According to the brokerage’s latest outlook, Sri Lanka’s economic growth is expected to decelerate to between 3 and 4 percent in 2026, compared with an estimated 5 percent expansion in 2025. This slowdown is expected to translate into softer revenue growth and tighter margins for listed companies, particularly those exposed to domestic demand cycles.

A key driver behind the moderation is lower government expenditure. Fiscal consolidation efforts are expected to limit public sector spending, reducing the flow-through impact to businesses that rely on state-led projects and consumption. At the same time, consumer spending is forecast to soften as households remain cautious amid lingering cost-of-living pressures.

While overall business conditions have stabilised following the post-crisis adjustment phase, confidence indicators suggest that momentum is weakening in both services and manufacturing. Analysts note that slower activity in these segments could weigh on industrial performance in 2026, even as construction activity shows relative resilience due to ongoing infrastructure initiatives.

Rising input costs also pose a challenge to earnings sustainability. Currency depreciation has increased import expenses for raw materials, intermediate goods, and energy inputs, directly affecting operating margins. In addition, the possibility of upward adjustments to electricity tariffs represents a further risk for energy-intensive industries, particularly manufacturing and export-oriented firms.
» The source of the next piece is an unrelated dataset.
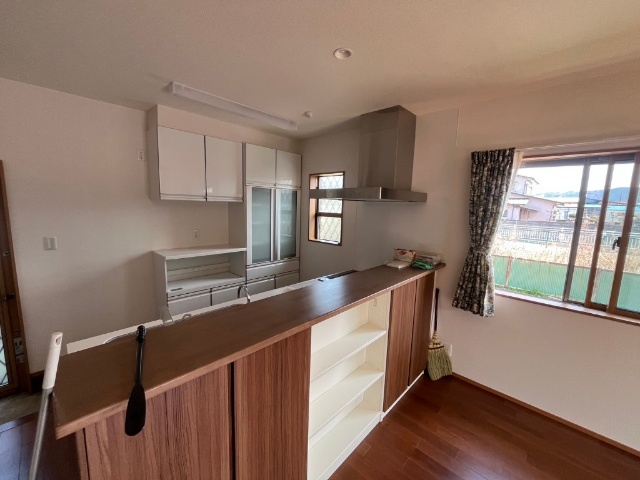 配膳にも便利なカウンター付き対面キッチンを設置。お料理をしながらご家族やご友人との会話も弾みます。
First Capital Research estimates that corporate earnings growth, which surged by an estimated 25 percent in 2025, is likely to normalise to around 17 percent in 2026. While this still represents a healthy expansion by historical standards, it marks a clear deceleration from the rebound phase that followed economic stabilisation.

Despite the softer aggregate outlook, analysts emphasise that opportunities remain at the sector level. Construction companies are expected to benefit from continued public and private infrastructure activity, supported by policy initiatives aimed at stimulating long-term growth. Tourism-related businesses are also viewed favourably, as arrivals continue to recover and foreign currency inflows provide a natural hedge against exchange rate volatility.

Diversified export-oriented firms are another area of relative strength. These companies are better positioned to capitalise on currency movements while maintaining revenue streams from overseas markets. In contrast, businesses heavily dependent on domestic consumption may face greater pressure as spending growth slows.

Market observers note that the coming year is likely to reward selectivity rather than broad-based exposure. Investors may increasingly focus on balance-sheet strength, pricing power, and operational efficiency as key differentiators in a lower-growth environment. Companies with the ability to manage costs and pass on price increases selectively are expected to outperform peers.

Overall, the outlook for Sri Lankan corporate earnings growth in 2026 reflects a transition from recovery-led expansion to a more mature phase of the economic cycle. While the pace of growth is set to slow, analysts stress that disciplined policy execution and targeted sectoral support could help sustain profitability and investor confidence over the medium term.